• [EXTRACTED DATA]
---+---
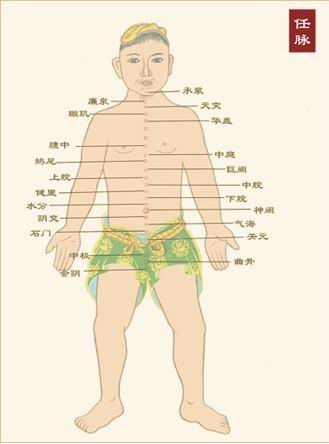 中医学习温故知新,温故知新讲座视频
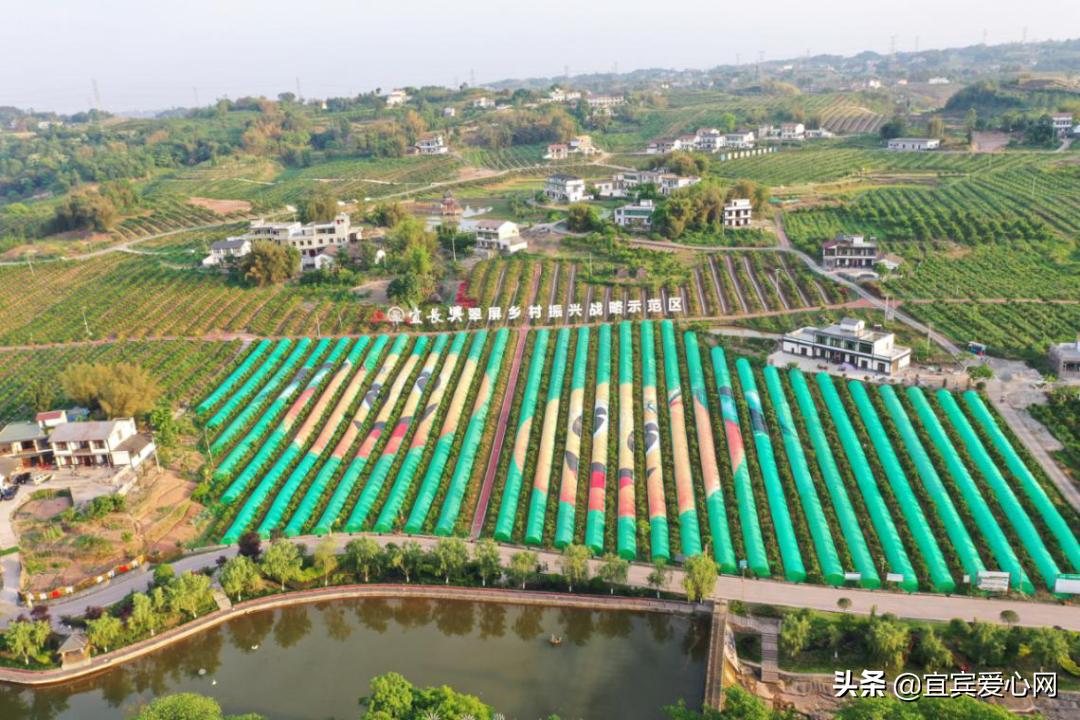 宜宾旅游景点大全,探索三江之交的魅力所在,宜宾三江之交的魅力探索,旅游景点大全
---+---
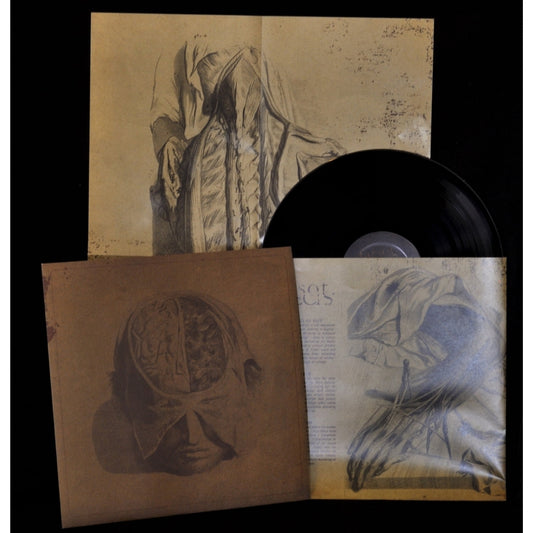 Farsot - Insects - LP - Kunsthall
---+---
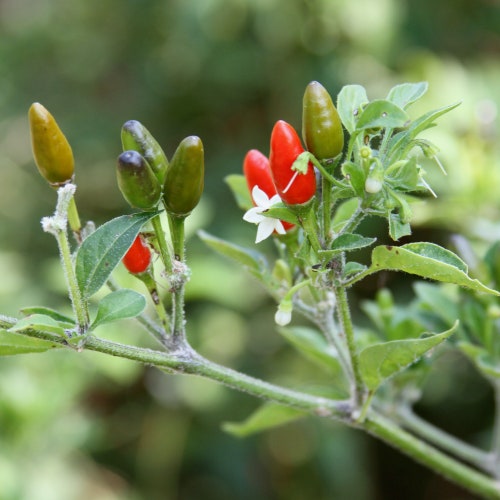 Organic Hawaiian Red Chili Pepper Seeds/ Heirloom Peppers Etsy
---+---
• [REQUIREMENT] Although pictures appear among the records above, none are to be output; print exactly the lines from the line containing "中医学习温故知新,温故知新讲座视频" through the line containing "宜宾旅游景点大全,探索三江之交的魅力所在,宜宾三江之交的魅力探索,旅游景点大全".

• [THE ANSWER]
 中医学习温故知新,温故知新讲座视频
 宜宾旅游景点大全,探索三江之交的魅力所在,宜宾三江之交的魅力探索,旅游景点大全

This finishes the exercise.